🤖 AI Summary
Existing XAI explanations often lack accessibility for non-experts, hindering trust establishment. Method: This paper proposes the first iterative refinement framework integrating SHAP-based interpretability with a multimodal large language model (LLM) autonomous agent, instantiated in rice yield recommendation. Adopting an agentic AI paradigm, it conducts 11 rounds of human-AI co-refinement to generate progressive explanations and establishes a seven-dimensional hybrid evaluation framework combining human judgment and LLM assessment. Contribution/Results: The study uncovers a non-monotonic evolution pattern in explanation quality—peaking at Rounds 3–4 (average improvement of 30–33%) before significantly declining with excessive iteration. Based on this, we propose an early-stopping regularization principle, challenging the conventional “more iterations are better” assumption and providing critical methodological grounding for practical XAI deployment.
📝 Abstract
Explainable artificial intelligence (XAI) enables data-driven understanding of factor associations with response variables, yet communicating XAI outputs to laypersons remains challenging, hindering trust in AI-based predictions. Large language models (LLMs) have emerged as promising tools for translating technical explanations into accessible narratives, yet the integration of agentic AI, where LLMs operate as autonomous agents through iterative refinement, with XAI remains unexplored. This study proposes an agentic XAI framework combining SHAP-based explainability with multimodal LLM-driven iterative refinement to generate progressively enhanced explanations.
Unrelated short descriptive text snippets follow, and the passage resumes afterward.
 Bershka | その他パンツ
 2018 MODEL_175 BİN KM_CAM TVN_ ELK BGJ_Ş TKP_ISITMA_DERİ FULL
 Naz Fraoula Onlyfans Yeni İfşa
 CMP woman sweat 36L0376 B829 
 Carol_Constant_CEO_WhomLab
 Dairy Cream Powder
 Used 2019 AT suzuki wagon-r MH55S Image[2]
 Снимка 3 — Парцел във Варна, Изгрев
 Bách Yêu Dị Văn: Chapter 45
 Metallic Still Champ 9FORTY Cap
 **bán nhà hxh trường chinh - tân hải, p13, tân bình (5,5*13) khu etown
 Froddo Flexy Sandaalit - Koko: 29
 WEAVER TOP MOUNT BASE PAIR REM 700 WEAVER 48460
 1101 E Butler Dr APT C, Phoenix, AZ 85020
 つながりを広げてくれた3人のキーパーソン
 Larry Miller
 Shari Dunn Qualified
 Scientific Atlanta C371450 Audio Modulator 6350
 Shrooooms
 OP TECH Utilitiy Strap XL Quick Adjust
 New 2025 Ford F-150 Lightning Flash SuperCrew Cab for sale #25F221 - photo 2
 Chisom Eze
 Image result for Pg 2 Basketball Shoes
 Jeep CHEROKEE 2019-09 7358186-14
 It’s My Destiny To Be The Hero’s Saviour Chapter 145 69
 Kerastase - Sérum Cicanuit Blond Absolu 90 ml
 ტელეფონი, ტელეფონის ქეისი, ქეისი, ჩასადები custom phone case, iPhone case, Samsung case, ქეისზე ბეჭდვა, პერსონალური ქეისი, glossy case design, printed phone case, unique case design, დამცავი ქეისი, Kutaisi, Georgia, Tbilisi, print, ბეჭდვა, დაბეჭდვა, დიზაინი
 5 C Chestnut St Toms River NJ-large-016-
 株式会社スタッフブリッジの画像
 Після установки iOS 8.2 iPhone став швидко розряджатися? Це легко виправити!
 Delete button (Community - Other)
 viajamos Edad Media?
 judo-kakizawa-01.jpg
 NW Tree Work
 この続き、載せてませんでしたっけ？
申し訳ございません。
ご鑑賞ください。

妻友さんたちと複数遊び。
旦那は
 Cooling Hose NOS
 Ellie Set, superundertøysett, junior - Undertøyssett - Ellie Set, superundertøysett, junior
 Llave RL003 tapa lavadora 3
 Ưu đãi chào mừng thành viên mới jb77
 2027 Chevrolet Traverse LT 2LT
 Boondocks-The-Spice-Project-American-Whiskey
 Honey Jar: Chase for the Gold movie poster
As a use case, we tested this framework as an agricultural recommendation system using rice yield data from 26 fields in Japan. The Agentic XAI initially provided a SHAP result and explored how to improve the explanation through additional analysis iteratively across 11 refinement rounds (Rounds 0-10). Explanations were evaluated by human experts (crop scientists) (n=12) and LLMs (n=14) against seven metrics: Specificity, Clarity, Conciseness, Practicality, Contextual Relevance, Cost Consideration, and Crop Science Credibility. Both evaluator groups confirmed that the framework successfully enhanced recommendation quality with an average score increase of 30-33% from Round 0, peaking at Rounds 3-4. However, excessive refinement showed a substantial drop in recommendation quality, indicating a bias-variance trade-off where early rounds lacked explanation depth (bias) while excessive iteration introduced verbosity and ungrounded abstraction (variance), as revealed by metric-specific analysis. These findings suggest that strategic early stopping (regularization) is needed for optimizing practical utility, challenging assumptions about monotonic improvement and providing evidence-based design principles for agentic XAI systems.